Planetarium as an apparatus
Originally, planetarium is the name of the projection apparatus that was manufactured in the Zeiss Plant in Jena, Germany, in 1923. Unlike the observatory, where a telescope is used to observe real objects in the real sky in place of the observer, planetarium allows for projecting a moving skyline of space on a dome, which only simulates the sky. The viewer thus observes artificial sky and the planetarium’s setting may transfer him to any place on the Earth at any time of day.

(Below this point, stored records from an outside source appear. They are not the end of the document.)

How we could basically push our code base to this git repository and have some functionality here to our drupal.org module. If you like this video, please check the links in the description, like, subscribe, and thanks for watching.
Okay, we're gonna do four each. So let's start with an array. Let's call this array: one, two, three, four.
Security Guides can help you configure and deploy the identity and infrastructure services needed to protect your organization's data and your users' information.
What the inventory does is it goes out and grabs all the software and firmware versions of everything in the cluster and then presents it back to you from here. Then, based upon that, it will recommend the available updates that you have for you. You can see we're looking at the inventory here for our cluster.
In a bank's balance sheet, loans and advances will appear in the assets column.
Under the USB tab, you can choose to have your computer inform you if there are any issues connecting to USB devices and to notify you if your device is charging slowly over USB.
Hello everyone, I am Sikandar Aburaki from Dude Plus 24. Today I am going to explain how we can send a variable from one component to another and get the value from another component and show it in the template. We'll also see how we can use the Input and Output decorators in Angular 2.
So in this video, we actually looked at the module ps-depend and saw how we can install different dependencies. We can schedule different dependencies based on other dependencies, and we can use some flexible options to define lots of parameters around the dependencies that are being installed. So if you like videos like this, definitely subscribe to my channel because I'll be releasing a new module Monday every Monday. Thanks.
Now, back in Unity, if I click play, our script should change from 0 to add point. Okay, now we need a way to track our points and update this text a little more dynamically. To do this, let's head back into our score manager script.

This attraction quickly spread throughout the world, so in 1927, there was a planetarium in Vienna, then in Rome, Moscow, New York, etc. In 1956, it was possible to see the first planetarium in Prague in an exhibition of the products of the Carl Zeiss company from Jena. The exhibit was so successful with the visitors, that the Ministry of Culture purchased it and placed it for several months into the vestibule of the Savings Bank at the square Náměstí Míru. After that it was permanently installed in the object of the Observatory and Planetarium in Hradec Králové, where it is still used today.
Planetarium as a building
The need for a special building arose in 1954 after purchasing a greater apparatus (again Carl Zeiss Jena) with a projection dome with a diameter of 23 m. Out of many different options, a location was finally selected on the edge of the Royal Game Preserve, where there used to be a pleasure restaurant with a dance floor and stables for saddle horses. Until the completion of the new building, the apparatus was deposited in the National Technical Museum’s depository.

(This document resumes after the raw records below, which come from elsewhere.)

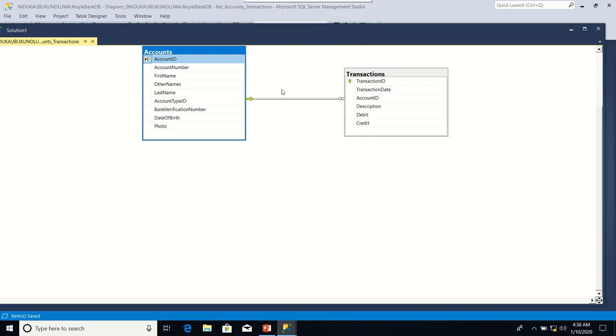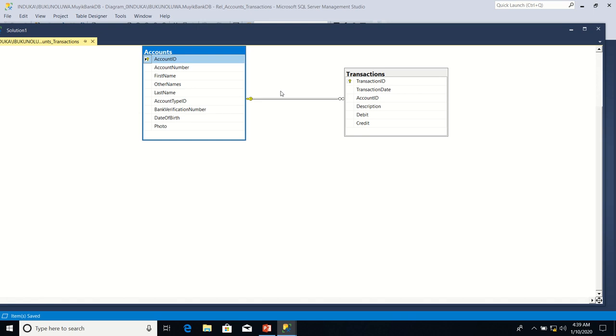Now this tutorial series is meant for beginners so I will not be concerning myself with authentication in this tutorial. In the next lesson we are going to kickstart how to develop an ASP.NET Core MVC application that will interact with the database schema that we have just developed. Thank you.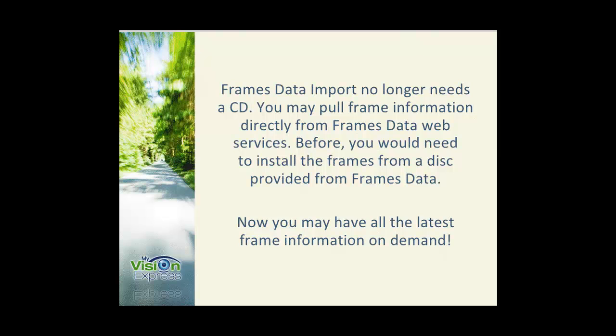One of the changes made is that frames data import no longer needs a CD. You may pull frame information directly from frames data web services. Before, you would need to install the frames from a disk provided from frames data. Now you may have all the latest frame information on demand.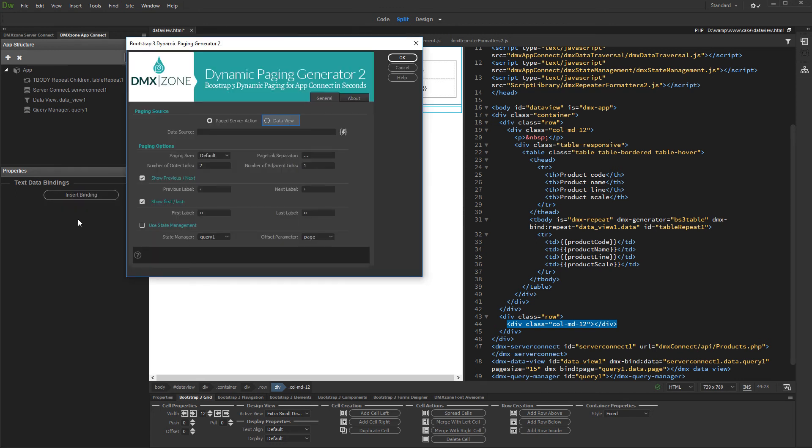Select Data View for Paging Source, and select your Data View from the dropdown.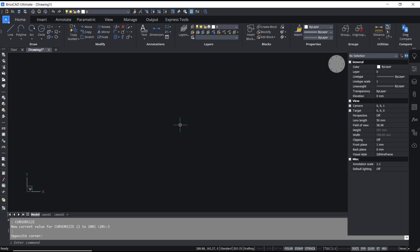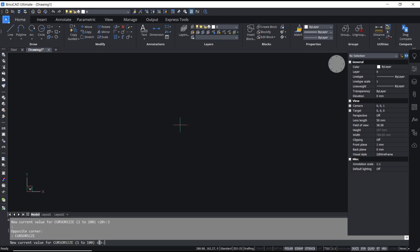Hello everyone, today we are going to learn a basic tutorial on how to change cursor size. To change cursor size, you can type 'cursor size' and the default will be set to 3. If you want to change the cursor size to be bigger...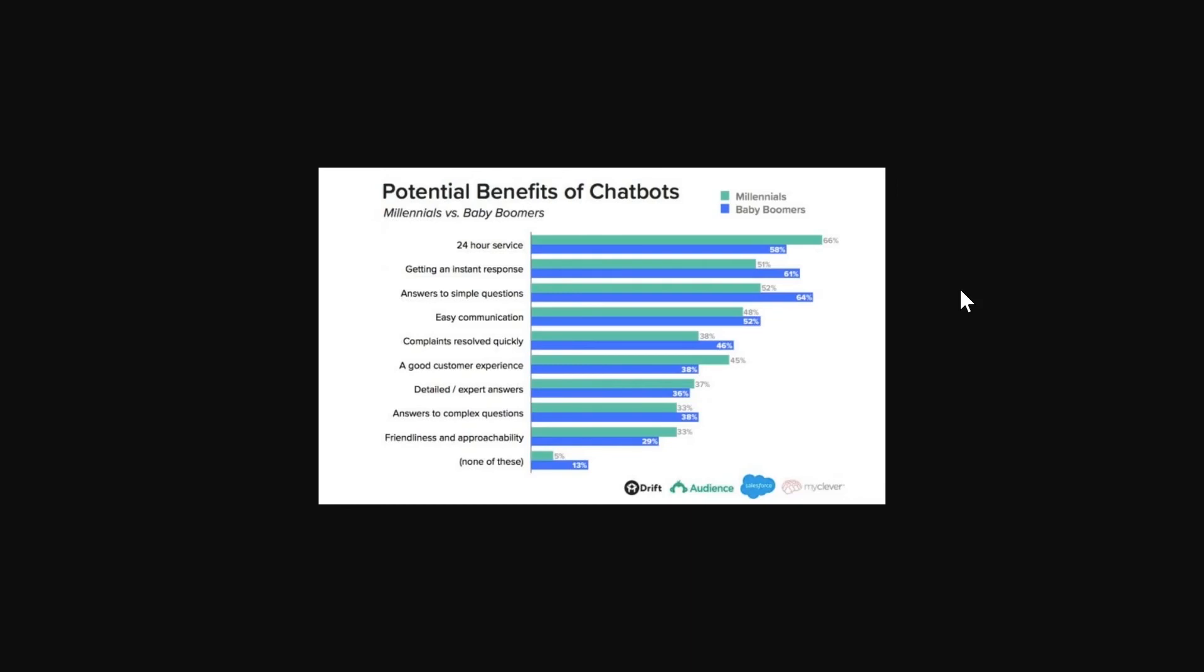They can get detailed and expert answers and get answers to complex questions and the friendliness and approachability of chatbots. Obviously you can make your chatbot as friendly and approachable as you want and you can really customize chatbots to suit your business's tone. You can make them really friendly and approachable or you can make them serious and to the point. It entirely depends on what personality you want to give your bot.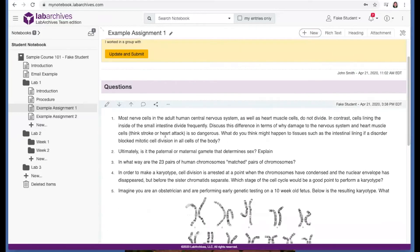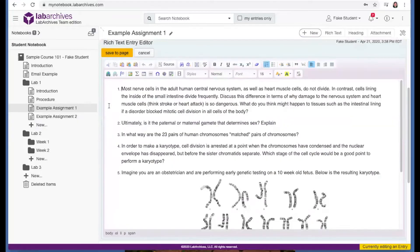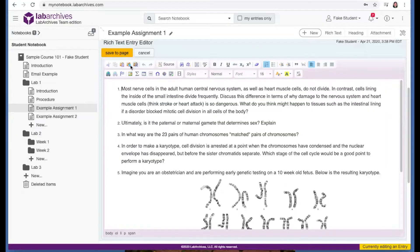To edit a rich text entry like this one, hover over the entry and click this pencil icon. You can then add, edit, and format text in any way that you'd like. And then when you're finished, click save to page.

The house for the planetarium was built according to a project of architect Jaroslav Fragner, which originally only served as a draft. It was greatly modified for the realization, mostly due to the smaller financial budget (stone balustrade is missing, ancient heads of the supporting pillars as well, there were supposed to be 12 statues of working people in the recesses reminding of blank windows, etc.). Unusual orientation of the main entrance into the green of the Stromovka Park reckoned with the creation of a new and wide access road from this direction. Luckily, this also did not happen – as it would mean an extensive clearance of high-grown trees and bushes.
The planetarium was festively opened for public on the 20th November 1960. At that time, it was one of the most technically advanced in the world, and until today it is still one of the largest. Since 1979, it has been a part of the Observatories and Planetarium of the Capital City of Prague (together with Štefánik’s Observatory at Petřín and Ďáblice Observatory).

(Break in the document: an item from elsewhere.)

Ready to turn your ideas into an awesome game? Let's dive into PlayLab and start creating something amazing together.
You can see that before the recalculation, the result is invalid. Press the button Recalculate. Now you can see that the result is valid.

The apparatus for which the building was built was fully functional until 1988, and after a reconstruction it is still functional today, although it is technically obsolete.
Current technical equipment of the Planetarium
In the early 1990s, a new planetarium from the Zeiss plant took the place of the original apparatus in the astronomical hall, controlled by a computer system named Kosmorama (it contains 230 projectors, 120 projecting bulbs, and they are driven by 16 engines). It can display the sky as it looked at any time in the past and as it will look in the future; it can simulate all types of the eclipse of the Sun and the Moon, it can display the comets, the changing phases of the Moon, etc.
Gradually also the complementary projecting technology changed; there is a new wide-angle, full-sky and panoramic projection and new laser projecting system, and so the cinema hall Starvid allows for watching top quality video projection or the projection of slides on the largest projecting surface in the Czech Republic (843 m2).
In the foyer, there is a permanent exhibition of optics, which is constantly being updated, with a number of interactive exhibits, monitors with up-to-date information on astronomy and cosmonautics, and projections of a small automatic planetarium on a unique vacuum dome.